Interestingly, the press secretary in the office of the president, Ateny Wek Ateny, told a local media outlet on Tuesday that President Salva Kiir was not aware and had never been notified about the arrival of the river dredging machinery and or the project.

“The government has not given any approval yet on clearing Nile waters or clearing the plants that are inside the Nile. We have not yet been told about those machines completely,” Wek is quoted as saying. “The government wanted to know from the experts the ecological impact of clearing the Nile because livelihoods depend very much on the swamps.”

He said the government has invited eminent foreign and local scholars and experts to debate and give an opinion on the matter.

“The government of South Sudan is responsible and always does things after studies and it cannot do things without studies that show the benefit will not outwit the negative impact,” Wek said. “Any decision about the Nile waters will be a collective decision and will not be a unilateral decision by the government.”

Not to be left out, the ministry of water resources and irrigation, through Gattiek Gatkuoth Wichar, the press secretary in the minister's office, on Wednesday afternoon said they were just implementing a bilateral agreement and memorandum of understanding that was signed between Egypt and South Sudan.

“The Ministry of Water Resources and Irrigation has learned that there is an on­ going public misconception about the recently imported equipment that were received by Unity State government last week for clearing out weeds and sediments impeding the movement of water in Naam River,” the statement read. “Therefore, it is crucial to give you a brief backdrop on bilateral cooperation between South Sudan and the Arab Republic of Egypt in the field of water.”

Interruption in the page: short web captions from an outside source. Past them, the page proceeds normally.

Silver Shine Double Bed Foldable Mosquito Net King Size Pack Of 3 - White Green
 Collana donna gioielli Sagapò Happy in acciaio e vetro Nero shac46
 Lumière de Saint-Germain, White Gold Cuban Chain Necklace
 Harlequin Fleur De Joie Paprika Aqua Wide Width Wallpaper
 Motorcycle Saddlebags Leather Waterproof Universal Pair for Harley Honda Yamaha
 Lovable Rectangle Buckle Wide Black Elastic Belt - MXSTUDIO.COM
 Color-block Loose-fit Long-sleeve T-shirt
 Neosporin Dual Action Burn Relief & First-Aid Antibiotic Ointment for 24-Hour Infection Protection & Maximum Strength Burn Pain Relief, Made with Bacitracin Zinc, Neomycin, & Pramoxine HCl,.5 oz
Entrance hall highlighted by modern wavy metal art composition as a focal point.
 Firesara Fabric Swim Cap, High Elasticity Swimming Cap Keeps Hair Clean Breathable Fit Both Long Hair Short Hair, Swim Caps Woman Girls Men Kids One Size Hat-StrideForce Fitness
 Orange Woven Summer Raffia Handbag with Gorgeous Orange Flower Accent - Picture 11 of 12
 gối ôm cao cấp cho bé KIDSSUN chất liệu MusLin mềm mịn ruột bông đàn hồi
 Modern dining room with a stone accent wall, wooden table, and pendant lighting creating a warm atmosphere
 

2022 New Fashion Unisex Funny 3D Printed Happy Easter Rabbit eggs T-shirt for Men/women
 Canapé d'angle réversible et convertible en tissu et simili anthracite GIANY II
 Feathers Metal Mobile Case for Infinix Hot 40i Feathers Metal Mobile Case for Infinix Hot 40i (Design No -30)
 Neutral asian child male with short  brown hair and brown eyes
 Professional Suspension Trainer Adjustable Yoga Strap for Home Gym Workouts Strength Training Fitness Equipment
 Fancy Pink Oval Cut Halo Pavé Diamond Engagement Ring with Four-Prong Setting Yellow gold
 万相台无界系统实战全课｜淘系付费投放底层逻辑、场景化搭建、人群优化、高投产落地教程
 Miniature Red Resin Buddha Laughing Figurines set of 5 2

According to the spokesperson, the cooperation between the two countries dates back to the pre-colonial era when Egypt and Britain, on behalf of the downstream countries, signed the 1929 Nile Water Agreement which was renewed in 1959. He said that after the Comprehensive Peace Agreement (CPA) of 2005, the water ministries of the two countries established cooperation by signing a Memorandum of Understanding (MoU).

“The (MoU) sets out key areas of cooperation namely: Capacity building of water cadres in Egyptian institutions; Dredging and clearance of aquatic weeds in the Bahr el Ghazal Basin and construction of landing sites,” it added. “Provision of safe drinking water through the drilling of boreholes and motorized solar systems and carrying out a feasibility study for Sue Multi-purpose Dam in Western Bahr el Ghazal State.”

The statement said that work on the aforementioned activities started but was halted by the conflict of 2013 and 2016 where all the equipment and tools mobilized for dredging and clearance of aquatic weeds were vandalized in Bentiu.

Gatkuoth said that during the first session of the Joint High-Level Commission between Egypt and South Sudan led by the Vice President James Wani lgga in July 2021, the water ministry renewed and signed an MoU with the Egyptian water ministry to dredge the Bahr el Ghazal basin, construct four haffirs and urgently resume the dredging of the 30 km stretch of Bahr el Ghazal from the Unity State capital Bentiu to Lake No.

“The opening up of this stretch of river is to allow smooth navigation of petroleum products and other economic activities along rivers from the refinery to Juba,” he wrote. “In this regard, the ministry of water resources and irrigation has been following closely with its counterparts in Egypt and facilitating the process in Sudan to ensure that the equipment and tools for dredging and clearance of aquatic weeds arrive in Bentiu safely.”

Gatkuoth said 21 trucks loaded with equipment and tools arrived in Bentiu on 1 June from Egypt via Sudan.

“However, there is a negative propaganda being circulated on social media and other media outlets by prominent personalities against this initiative who went further by calling for actions to stop the ongoing project,” he said. “These river-maintenance exercises have not been taking place for years, sediments have accumulated and aquatic vegetation has overgrown, and therefore both need to be cleared for the health of the river system.”